Statistically speaking the odds of being prosecuted for tax offenses are small - less than 1% of those who are required to file tax returns. The odds of being convicted, once prosecuted, however, are high - greater than 95%. Further, once convicted, the odds of going to jail are also substantial - greater than 75% in the author's experience. The Department of Justice, Tax Division, Criminal Enforcement Section, has historically required their attorneys to affirmatively request jail in all tax cases.

At best the defendant would seek, as part of a plea agreement, to obtain the United States. agreement that it would remain silent at sentencing on the issue of incarceration. On November 29, 1996, the Tax Division issued Blue Sheet 6.005, which represented a shift in sentencing policy. In limited circumstances, the United States may now affirmatively recommend probation.

In order to affirmatively recommend a sentence of probation the defendant must

  1. plead guilty,
  2. have a final guideline range of 0-6 months, and,
  3. the AUSA must submit a written memorandum seeking Tax Division prior approval that is
  4. personally approved by the United States Attorney.

Where probation is sought the policy also recommends that prosecutors also insist on some form of intermittent confinement or community confinement. Most Assistant United States Attorneys seek such approval only sparingly.

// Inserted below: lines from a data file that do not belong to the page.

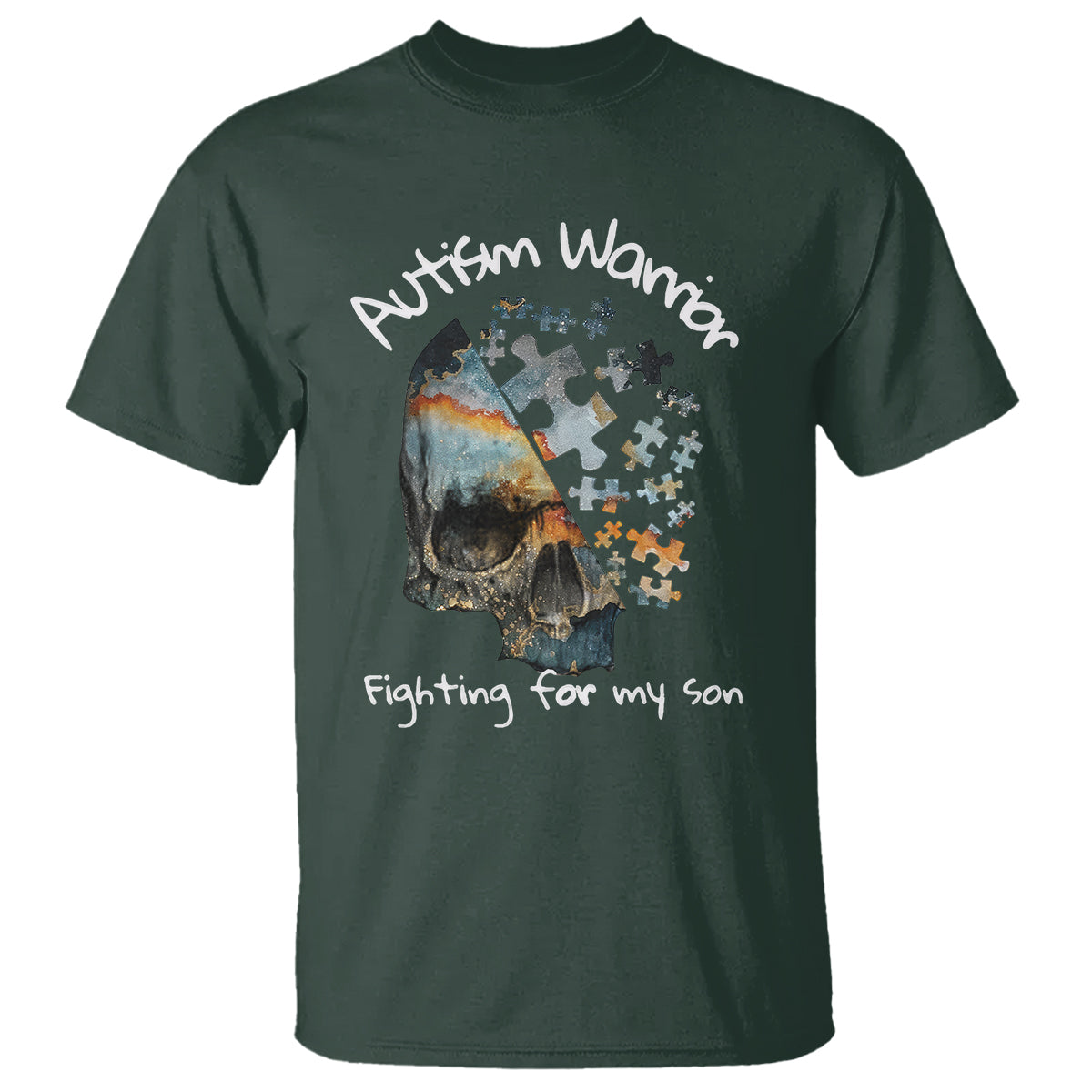 Skull Autism Warrior T Shirt Fighting For My Son Love Support - Wonder Print Shop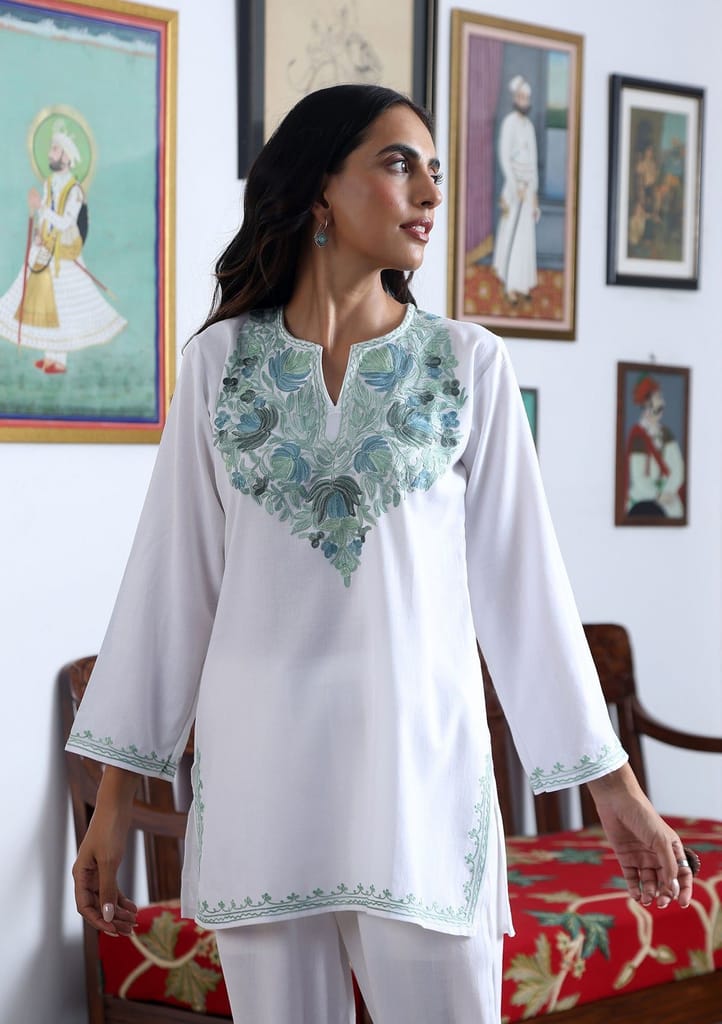 HOC Crafts Aari Embroidered Cotton Solid Women's Short Kurta - White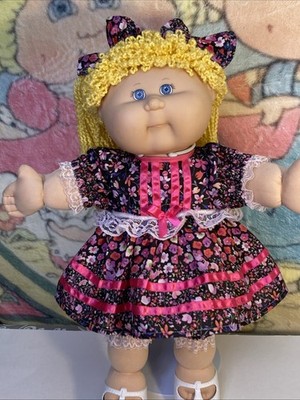 Handmade Cabbage Patch Kids Dress And Bloomers, Hair Bows Fits 16 -18  Dolls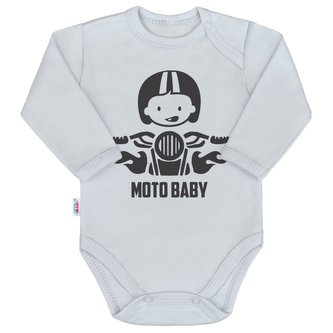 Body s potiskem New Baby Moto baby šedé - velikost 68 (4-6m)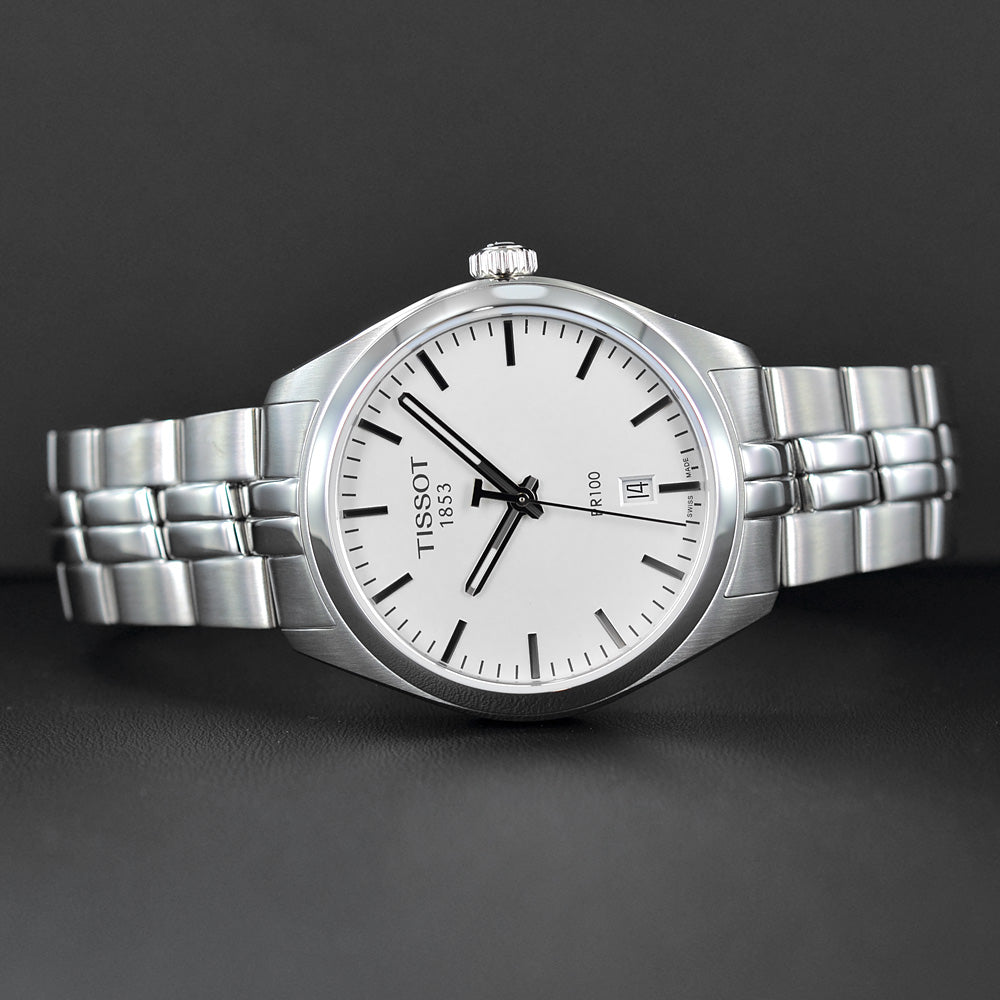 Tissot PR 100 Quartz White Dial Silver Steel Strap Watch For Women - T101.410.11.031.00 Buy Now By Tissot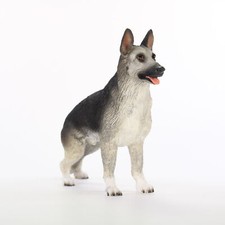 German Shepherd Figurine Hand Painted Statue Silver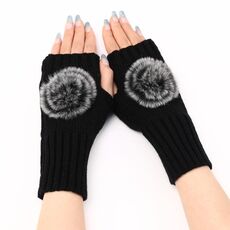 Guanti da donna autunno e inverno senza dita con palla di pelo in lana lavorata a maglia maniche calde (nero)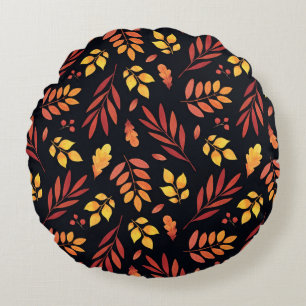 Colourful Autumn Leaves Watercolor Pattern Round Cushion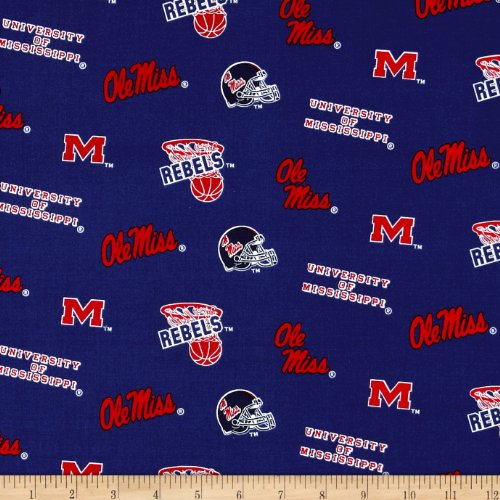 Collegiate Cotton Broadcloth University of Mississippi Fabric By The Yard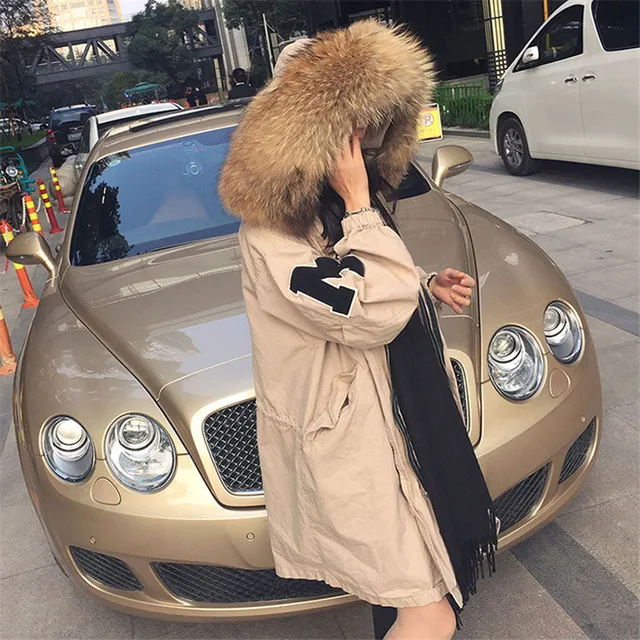 Cheap Parka Real Large Fur Winter Jacket With Detachable Cotton Linning Hooded Women Coat Thick Padded Jacket Warm Jacket Lady TT1711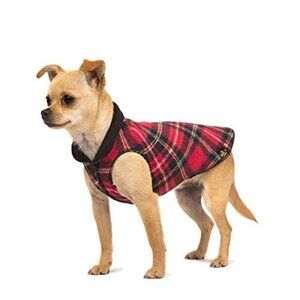 NWT Gold Paw DOG Fleece Sweater JACKET COAT - Red BLACK PLAID SZ 22 MEDIUM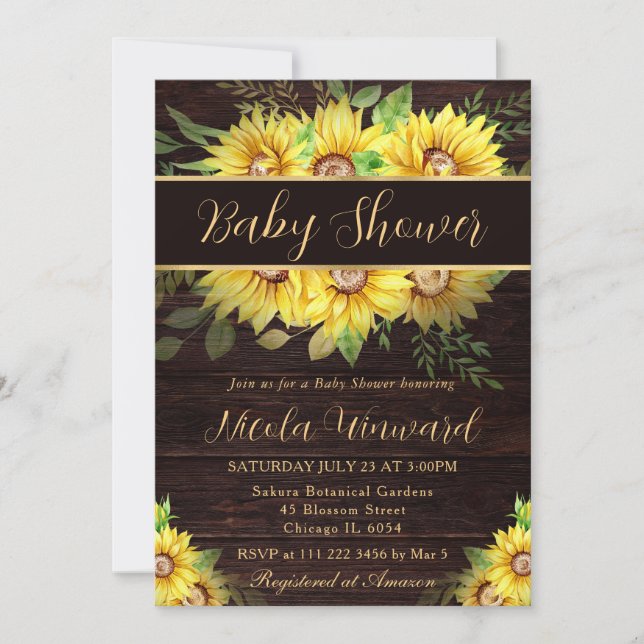 Watercolor Sunflowers Border Frame Baby Shower Invitation (Front)
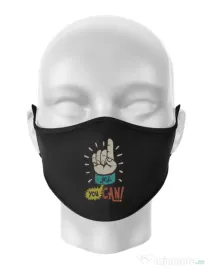 Masca personalizata reutilizabila Yes You Can Negru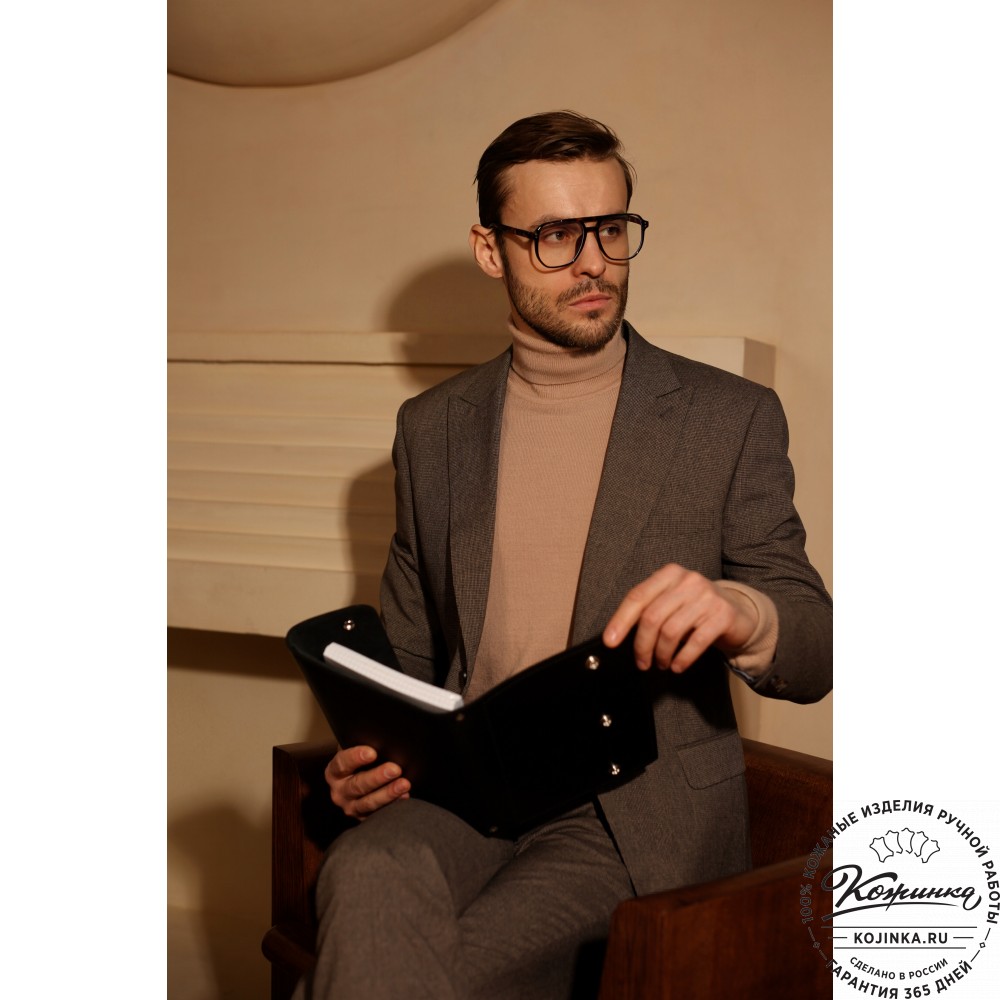 Кожаный ежедневник на кольцах "Джексон" (чёрный)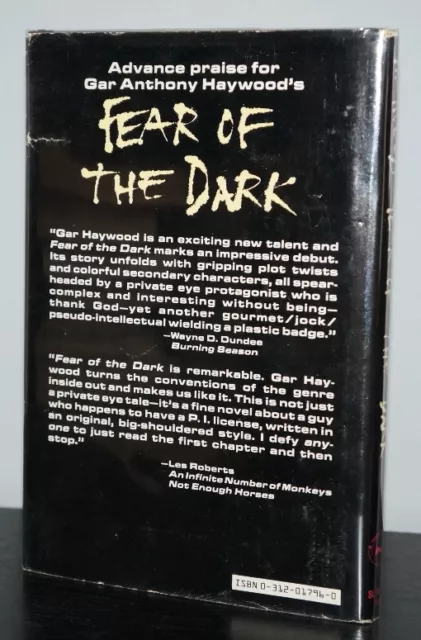 Gar Anthony Haywood - Fear of the Dark - 1st 1st HCDJ - Author's First Novel NR 2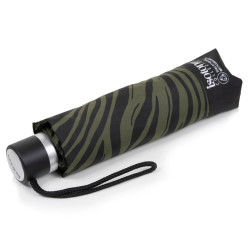 Isotoner Folding Manual Resistant Zebra Khaki Umbrella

Important considerations from the prosecutor's standpoint in determining whether to recommend probation, stand silent or seek incarceration include:

  1. The timing of the plea - the earlier the better.
  2. The extent of cooperation both as to the defendant's own tax situation, and as to other defendants - if the latter is relevant.
  3. The ability and willingness of the defendant to pay restitution to the IRS and how quickly he can pay some or all of the restitution. If the defendant pays a substantial portion of restitution prior to sentencing it certainly helps his sentencing prospects.
  4. The amount of tax loss and the number of years involved in the offenses. Criminal tax cases often take years to investigate and bring to the indictment stage.Thus, it is not unusual to have a situation where the prosecution years in a false return case are 1990, 1991, and 1992 and the defendant has not filed returns for 1993, 1994 and 1995 because of the pending investigation. An interesting consideration from a plea standpoint is whether the government has analyzed the tax loss for the non-prosecution years. If they have not, an early plea may keep the loss figure low if those calculations are not performed. An added consideration here is that some United States Attorney's Offices incorporate U.S.S. Guidelines Section 1B1.8 into their plea agreement so that any tax loss provided by the defendant will not be used to enhance his Guideline level. Some United States Attorney's Offices, however, do not include Section 1B1.8.
  5. The defendant's criminal record.

Tax Statutes

Title 26

  • 26 U.S.C. ' 7201 - Traditionally, 26 U.S.C. ' 7201, the tax evasion statue, was the statute most frequently used to prosecute tax offenders. With the advent of the Sentencing Guidelines and the fact that the dollar loss drives the sentence, Section 7206 has supplanted Section 7201 with some prosecutors.
  • 26 U.S.C. ' 7206(1) - The advantage of Section 7206 is that neither an intent to evade taxes nor a tax loss is required as an element of the offense under Section 7206(1). The Government must prove that the defendant made and subscribed (signed and filed) a return that is false as to a material matter (capable of affecting the tax calculation). Usually this false item consists of overstated deductions, or understated income, or both.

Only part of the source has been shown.